The other thing worth knowing for North Carolina residents outside urban centers is that follow-up care is fully remote with all eight of these platforms. You do not need to return to an office for a prescription renewal or a dosage adjustment. That ongoing accessibility is particularly meaningful if getting to an in-person appointment requires significant travel.
How the North Carolina Provider Ratings Actually Stack Up
Ratings tell part of the story, but sample size matters. Among the eight providers available in North Carolina, Hims leads in total review volume at over 34,200 verified reviews with a 9.0 rating, followed closely by Strut at 38,500 reviews and a matching 9.0. When two platforms share the same rating and both have tens of thousands of reviews, the differences come down to what those reviewers are actually praising. Hims reviewers tend to highlight price, ease of use, and the app experience. Strut reviewers tend to mention the quality of the compounding formulations and the responsiveness of their clinical team.
Ro comes in at 8.9 from 32,100 reviews, which reflects its broader platform and slightly more complex patient population, since Ro covers more serious health categories including GLP-1 medications. Hers and Nutrafol both sit at 8.8 from approximately 25,000 to 30,000 reviews. Sesame Care and Eden are both at 8.7, with PlushCare slightly lower at 8.6 but operating in a different model where insurance-based visits change the experience considerably.

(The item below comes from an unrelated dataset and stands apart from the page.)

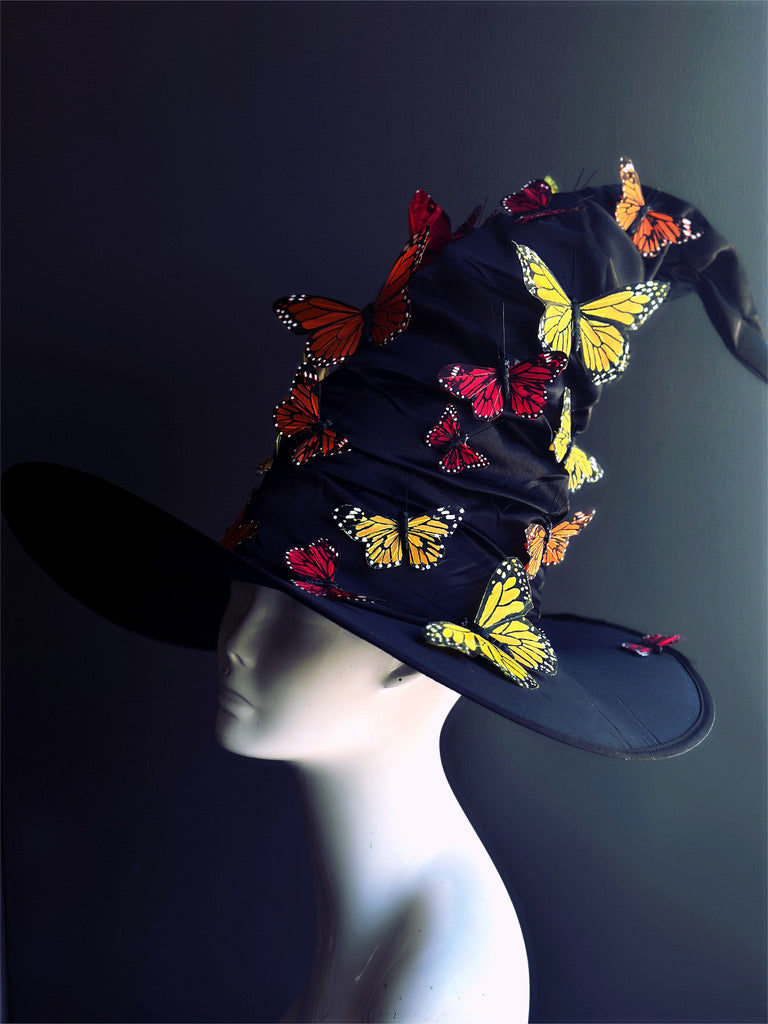Signature Witch Hat - Firefly Vibes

None of these ratings should be read as a reason to dismiss a lower-scored platform outright. PlushCare's 8.6 in the context of insurance-billed primary care is a different benchmark than Hims's 9.0 in a cash-pay subscription model. What you should do is cross-reference these ratings with what specifically matters to you, whether that is price, clinical depth, women-specific care, or the ability to get a compound formula.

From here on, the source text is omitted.